KNL System Overview

System Overview

The cluster is made up of 192 nodes featuring Intel(R) Xeon Phi(TM) 7230 (code name Knights Landing or KNL) CPUs. The CPUs have 64 cores each and run at a frequency (modulo TurboBoost) of 1.30 GHz. The nodes feature 192GB DDR4 memory, and 16GB high bandwidth (so called MCDRAM) memory.  The cores are grouped into tiles, with each tile containing 2 cores and 1 MB of L2 cache. Nominally this gives each core 512KB of L2 cache each, although a single core can potentially use all the 1MB. Additionally each core has 32KB of L1 data cache, and two 512bit Vector Units which together are capable of performing 32 DP floating point instructions per cycle ( 2 VPUs x 2 FLOPS/FMA x 8 vector lanes). In single precision 64 FLOPS per cycle are possible as the vector length is increased to 16 vector lanes. Vector processors are programmed using AVX-512 instructions.The nodes are connected by Intel OmniPath Interconnect

Node MCDRAM and Cluster Configuration Modes

The high bandwidth memory can be configured in three primary modes

 Flat Mode: 
In this mode the 16GB of MCDRAM are directly accessible. The O/S implements MCDRAM as a separate NUMA domain. In this instance, memory allocated into NUMA domain 0, is the regular (slower) DDR4 memory and memory allocated in NUMA domain 1 will go to MCDRAM. There are a variety of ways to manage this memory mode (using numactl, or hbw_malloc). Cache Mode: 
In this mode the 16GB of MCDRAM are configured as a cache for the larger DDR memory space. Users do not allocate memory in MCDRAM directly. The cache is direct mapped, and several DDR pages can map to the same MCDRAM page in principle. Further, nontemporal stores which bypass the CPU L1 and L2 caches, do not bypass MCDRAM when it is being used as a cache, meaning that using MCDRAM as a cache necessarily generates read-for-write traffic.

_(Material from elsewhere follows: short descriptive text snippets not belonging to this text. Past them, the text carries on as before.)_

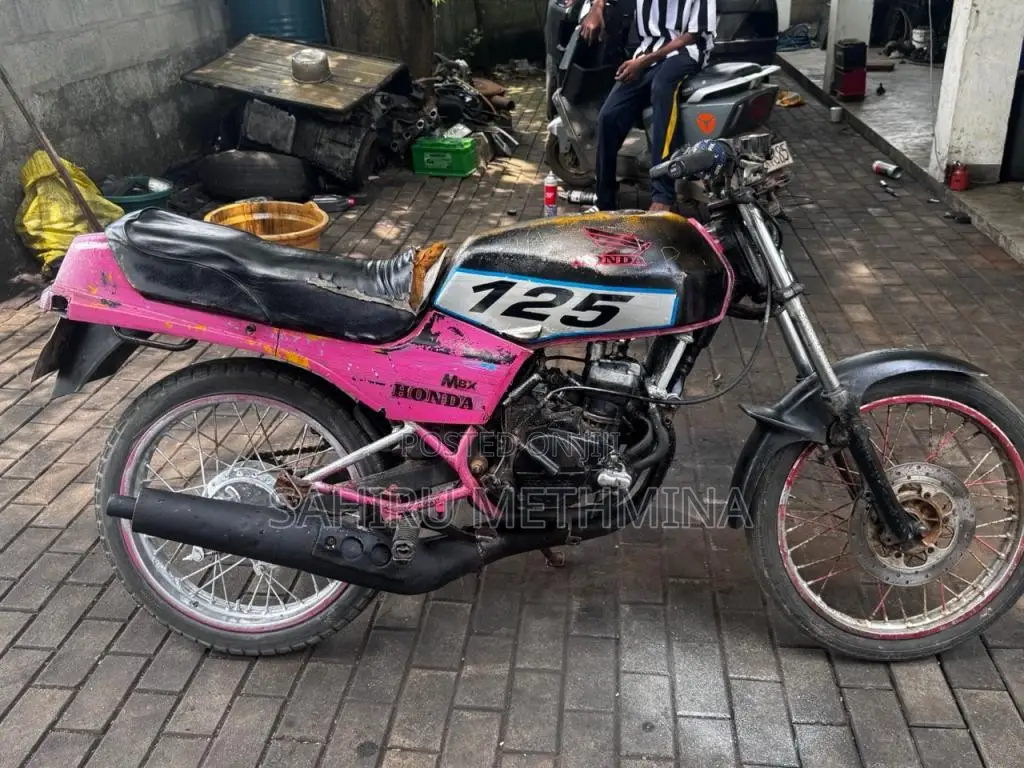 Honda Mbx125 1998 Motorbike Unregistered (Recondition)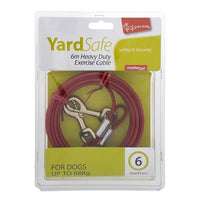 YOURS DROOLLY TIE OUT CABLE [LENGTH:6 METRES]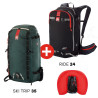 Sac avalanches Airbag Reactor SWITCH ADVENTURE BUNDLE RIDE24 + ST35 Arva Equipment 26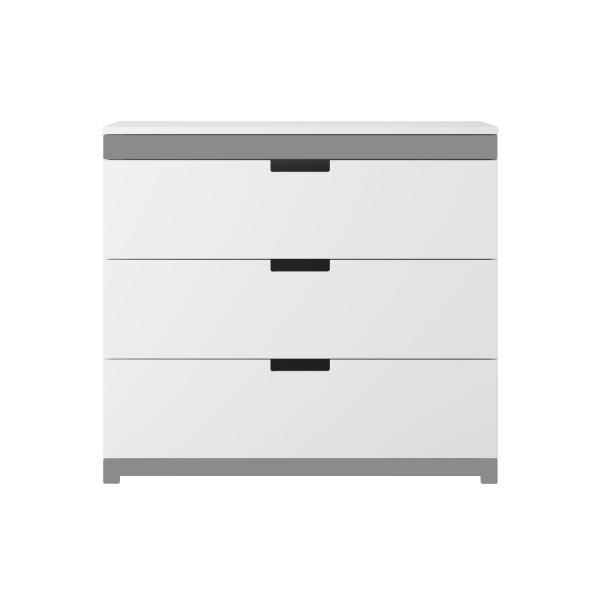Tomi Lacquered chest of drawers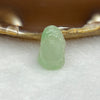 Type A Semi Icy Green Jade Jadeite Pixiu Pendant - 1.75 g 17.1 by 11.0 by 5.0 mm - Huangs Jadeite and Jewelry Pte Ltd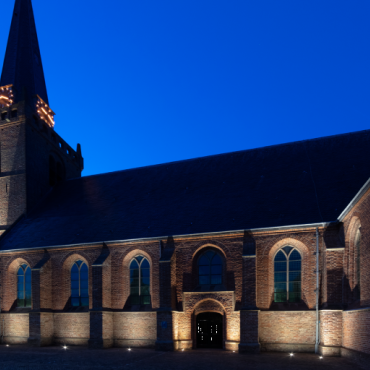 Big Flux Asymmetric 12V Ø 60 mm Integrated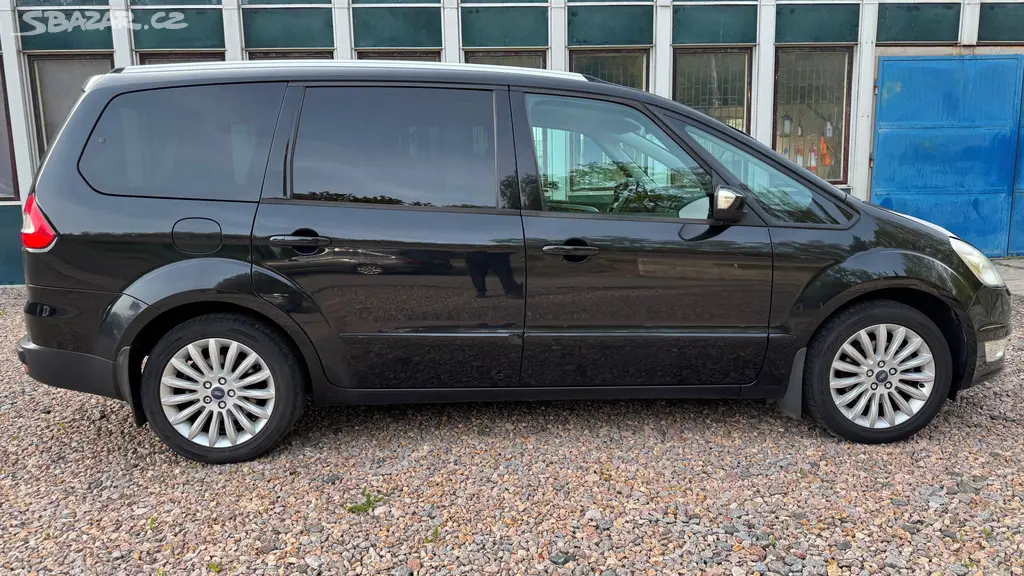 Ford Galaxy, 2.0tdci 163hk automat, 7-míst - fotka 4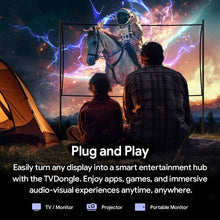 RockTek GB1 TV Dongle Netflix Google Certified 2GB DDR4 16GB eMMC Realtek1315C A55 Support Dolby Atmos Vision Wifi BT Mini Box - Multimedia Projectors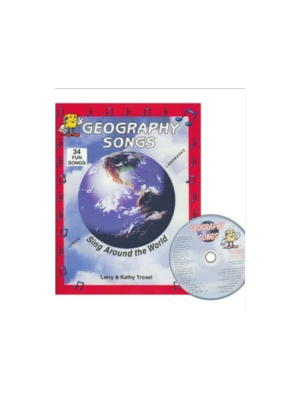 Geography Songs - CD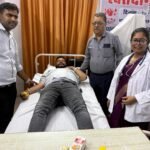 मानवता की मिसाल बने इंटक महामंत्री अमरजीत सिंह : 46वीं बार स्वैच्छिक रक्तदान कर बढ़ाया एसईसीएल सोहागपुर का गौरव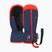 Rękawice narciarskie dziecięce Reusch Ben Mitten dress blue/cherry tomato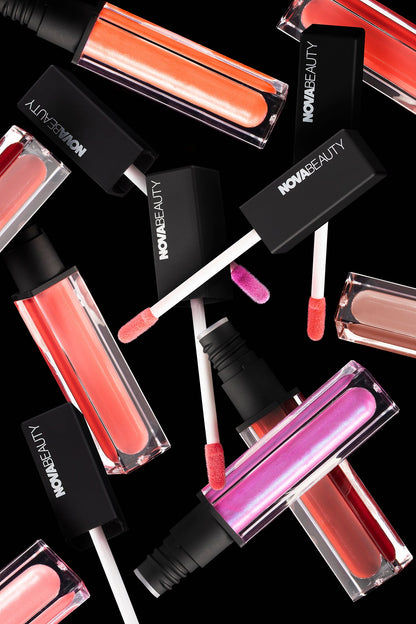 NOVABEAUTY Moisturizing Rich Glow Lip Gloss - Periodt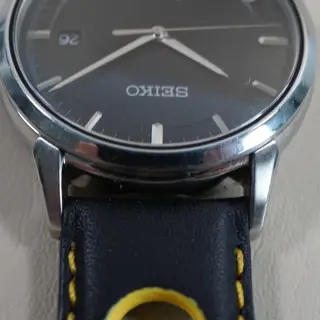 Seiko Presage SARX023 6R15 Rare Black Dial Automatic - $340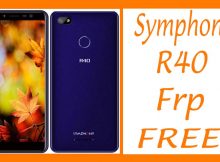 Symphony R40 Frp Reset File Without Password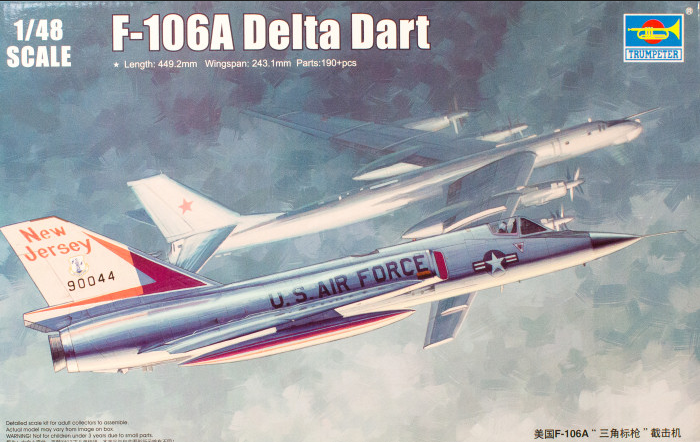F-106A Delta Dart - TRUMPETER 1/48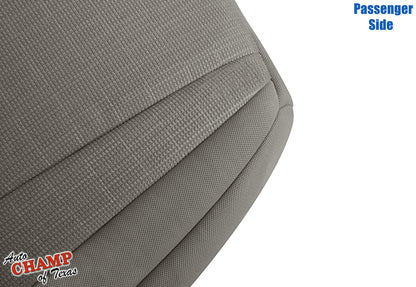 2011-2013 Jeep Grand Cherokee Laredo Passenger Side Bottom Cloth Seat Cover, Gray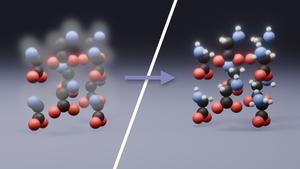 missing hydrogen atoms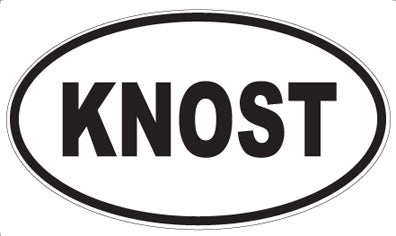 KNOST - Oval Magnet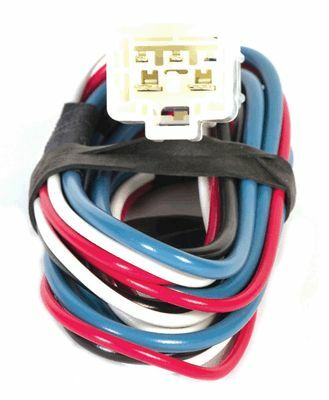 Husky Towing 31697 Compatible With Controllers Without  Connector Universal Plug 1 Plug
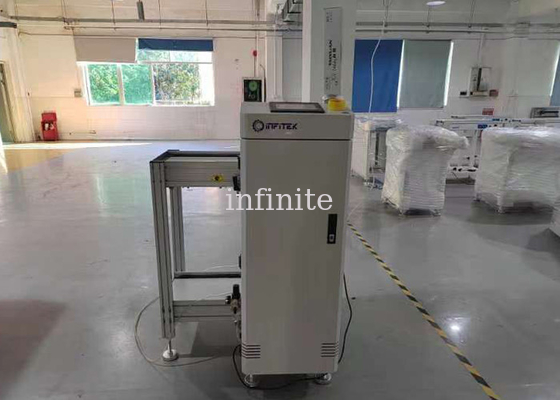 Control compacto del PLC del cargador de la revista del PWB SMT y relé de Omron 50m m x 80m m - 330m m x 250m m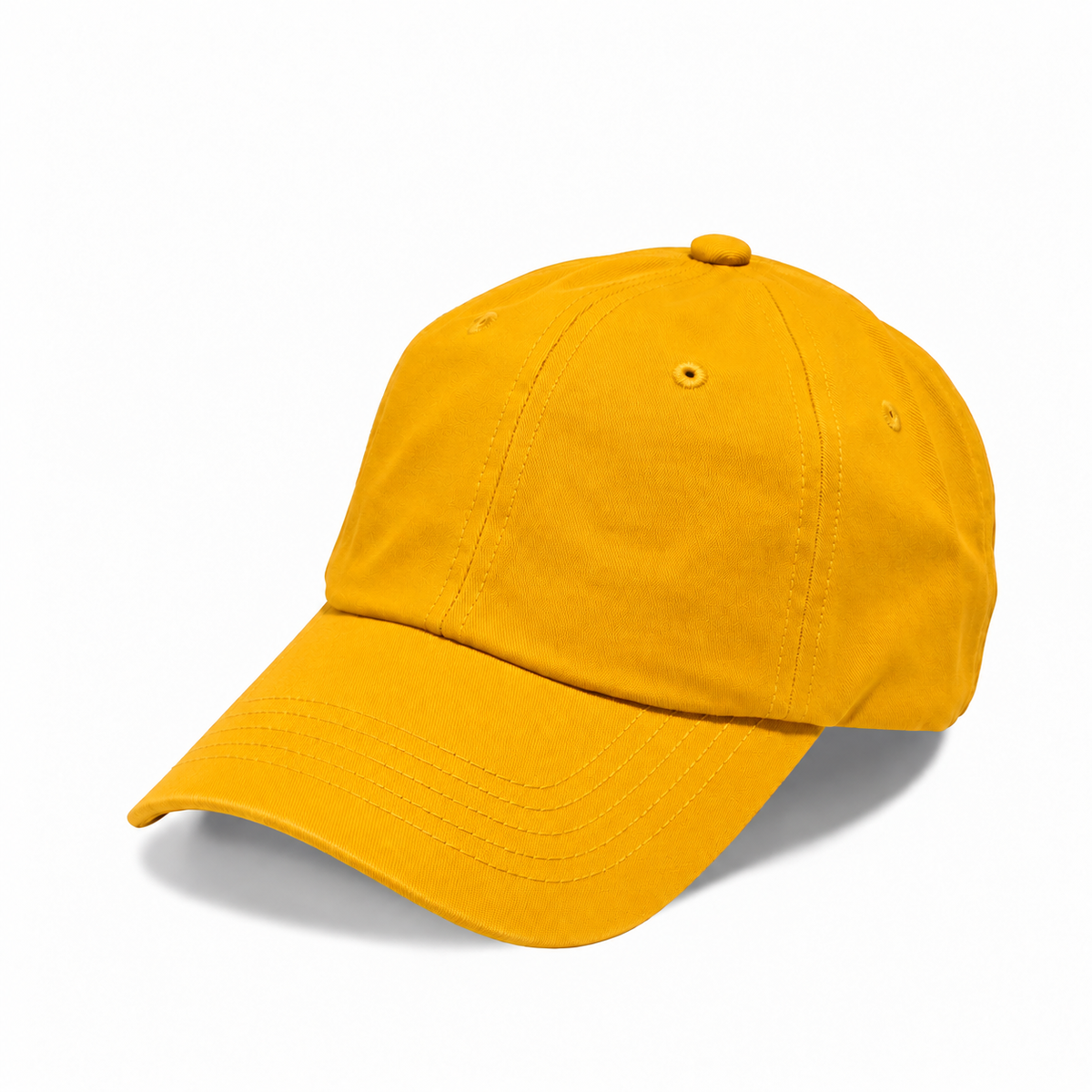 Plain Cotton Dad Hat 6004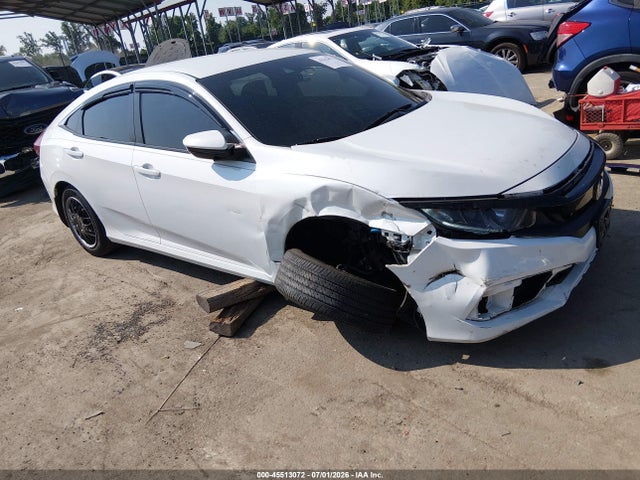 2019 HONDA CIVIC LX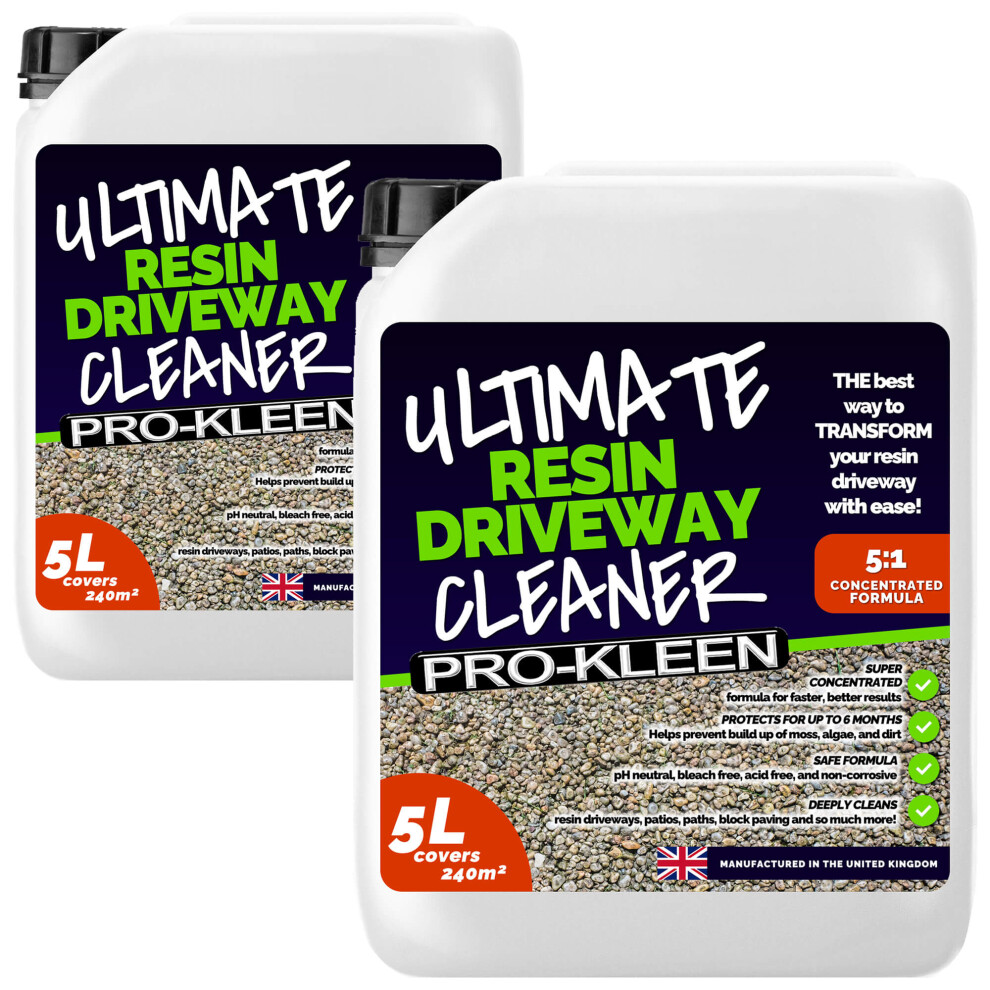 Pro-Kleen (10L) Resin Driveway And Patio Cleaner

As such, the effective memory bandwidth available in cache mode is somewhat less than in flat mode. Whether this makes an impact on applications depends on the applications use of memory bandwidth
  Hybrid Mode 
In this mode part of the MCDRAM is directly accessible and part is maintained as a cache

In turn, the on-chip network connecting the cores can be configured in a variety of cluster-modes: all-to-all mode, quadrant mode, and in sub-NUMA clustering modes (SNC-2, SNC-4).

The primary difference between all-to-all and quadrant modes is to do with how memory addresses are affinitized across the cores of the node. The recommended default mode, when all DDR DIMMs are of equal capacity is the so called Quadrant mode. In this case memory is affinitized to virtual quadrants of the chip, and memory transactions are routed within this quadrant giving a reduction in latency compared to all-to-all modes. The quadrant nature of the memory affinitization is not visible to the user, the node still looks like a single socket system. This is the default mode of operation for our cluster nodes

Sub NUMA Clustering Modes (SNC-2 and SNC-4) make the node look like a multi-socket system with either 2 or 4 sockets respectively. This mode may be beneficial, if one is considering running for-example multiple MPI tasks per node. One could be pinned to each of the 'virtual sockets'.

It should be borne in mind that memory modes and cluster modes can be mixed and matched. For example it is possible to to have Flat-SNC-4 mode, where each of the 4 virtual 'sockets' will be made up of 2 NUMA domains (8 NUMA domains in total), with each virtual socket having one NUMA domain for DDR and one for MCDRAM

The default mode for our cluster nodes is cache-quadrant (with PBS tag cache-quad)